Outra maneira de plasmar seus temas e formas é valendo-se da lógica do palimpsesto, ou seja, o desvelamento de camadas superpostas de tintas através de lavagem subsequentes, até que componham indutivamente algum cenário ou figura.

O resultado final são imagens evanescentes e atmosferas oníricas, as quais resgatam suas memórias, e porque não dizer seu subconsciente, dada sua maneira de trabalhar.

Mayra Martins Redin, fevereiro de 2021

IMAGENS DO DEVANEIO

“Devagar, não importa, todos os momentos vivem. Assim como todos os momentos constroem o mundo. Assim como a sola do pé, as costas, seja lá o que for, tudo se une e constrói o mundo. É melhor se mover lentamente.” (Kazuo Ohno)

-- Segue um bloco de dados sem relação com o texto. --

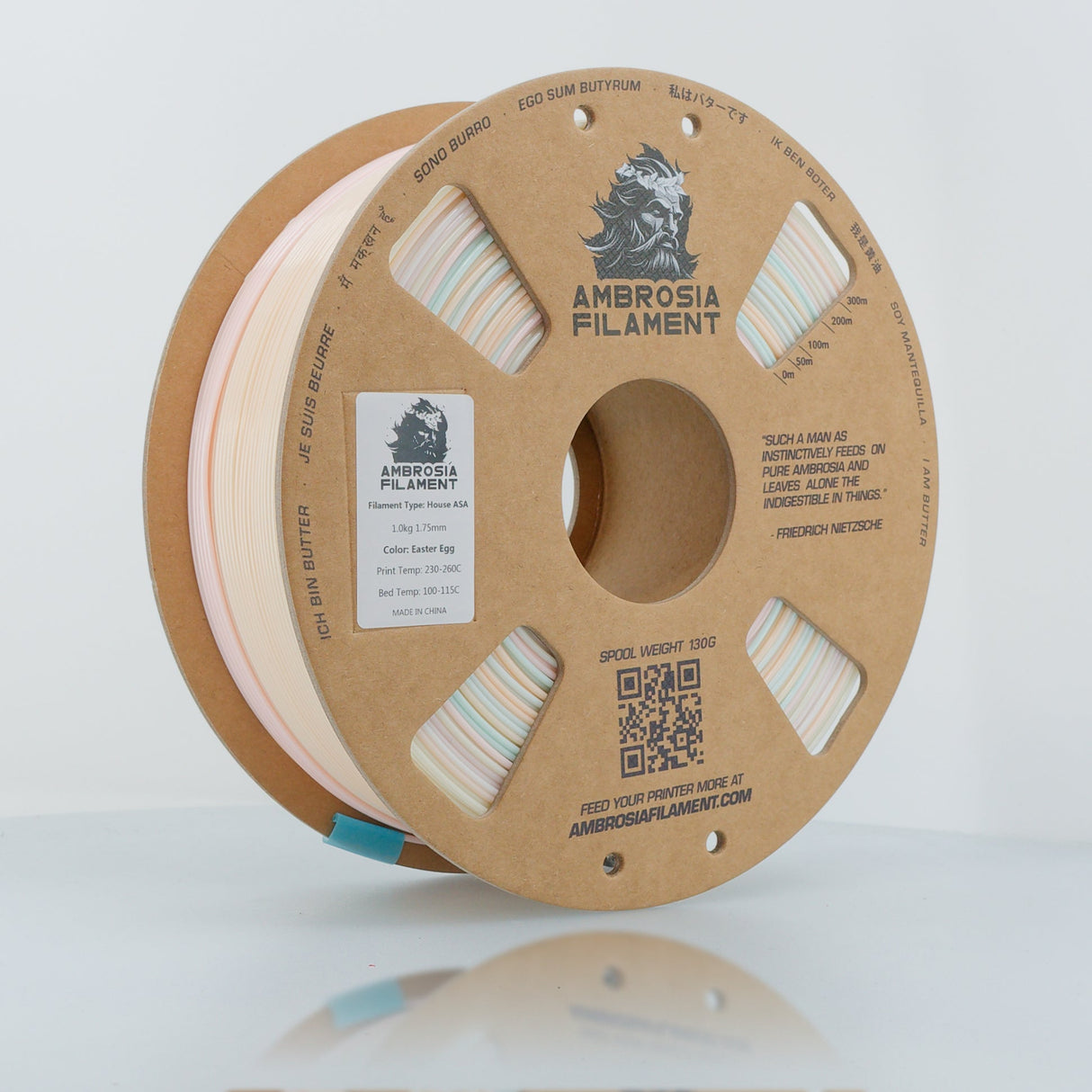 AMBROSIA PLA Filament of the Gods - 1KG Bambu AMS Friendly Cardboard Spools Premium 3D Printing Filament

Nos trabalhos que compõem a exposição “Imagens do devaneio” vemos acontecer um exercício de transposição. As fotografias de infância encontradas pela artista (em arquivo pessoal e também em buscas na internet) passam por um processo de tradução para a pintura em que adquirem uma sutil movimentação. Talvez como, numa água parada, que, ao ser mexida por um pequeno galho, se torne turva, dela emergindo elementos adormecidos como a lama, a terra, as folhas, as pinturas aqui apresentadas almejam retirar do torpor aquelas imagens já acomodadas que temos da infância.

Nesta transposição da imagem fotográfica para a pintura, encontraremos figuras que ali estão entre uma pose e um gesto, inseridas em um ambiente, em uma paisagem, em uma atmosfera criada pela artista. Os rostos não importam tanto, já que os corpos com suas ações e em sua falta de nitidez movimentam aquilo que antes parecia ser uma imagem precisa e cristalizada pelo recurso fotográfico.

Nesta exposição, importam mais os ruídos dessa movimentação vagarosa; e, da mesma forma como nossa memória pode ser acessada e ativada a partir de outros elementos para além de uma imagem, como um cheiro, uma sensação corporal (quente, fria, morna), um sabor, a construção de uma ambiência na composição do fundo e dos arredores das figuras também é parte importante desta elaboração do que será entendido como devaneio.

Misturam-se aqui as infâncias e seus devaneios acessados pela memória. Em sua busca por provocar e borrar tais limites, esta exposição nos convida a mergulhar também em um para-além do que a imagem nos oferece. Se adiantássemos ou atrasássemos alguns segundos uma cena qualquer de nossa memória, o que encontraríamos lá?

As pinturas parecem aumentar algumas memórias de infância (inicialmente clichês) com gestos expressados por suas figuras humanas. São corpos que revivem alguns recortes de tempo firmados pela fotografia alimentando-os com movimentos.

Mas não se trata de qualquer movimento: é um movimento quase parado que lembra mesmo a retomada de algo perdido ou deixado para trás, oferecendo-lhe a possibilidade de se mexer, pouco, devagar, sem a obrigação e talvez até contra a obrigação de se manter fiel à cena inicial, presa por uma memória. Nesta direção, a artista em seu processo procura também respeitar seus próprios gestos de começo, tentando não sobrepor muitas camadas nem cair na armadilha de achar uma finalização ou um contorno nítido para as pinturas.

É assim que estas imagens reestabelecem e convidam o espectador para um estado de imersão que é comum às crianças. Aparentemente, elas nada fazem quando param para observar algo. Mas a tentativa aqui, traduzida por uma ideia de devaneio, é dar lugar ao movimento, mínimo, sutil e, muitas vezes, invisível, escondido em nossas memórias da infância.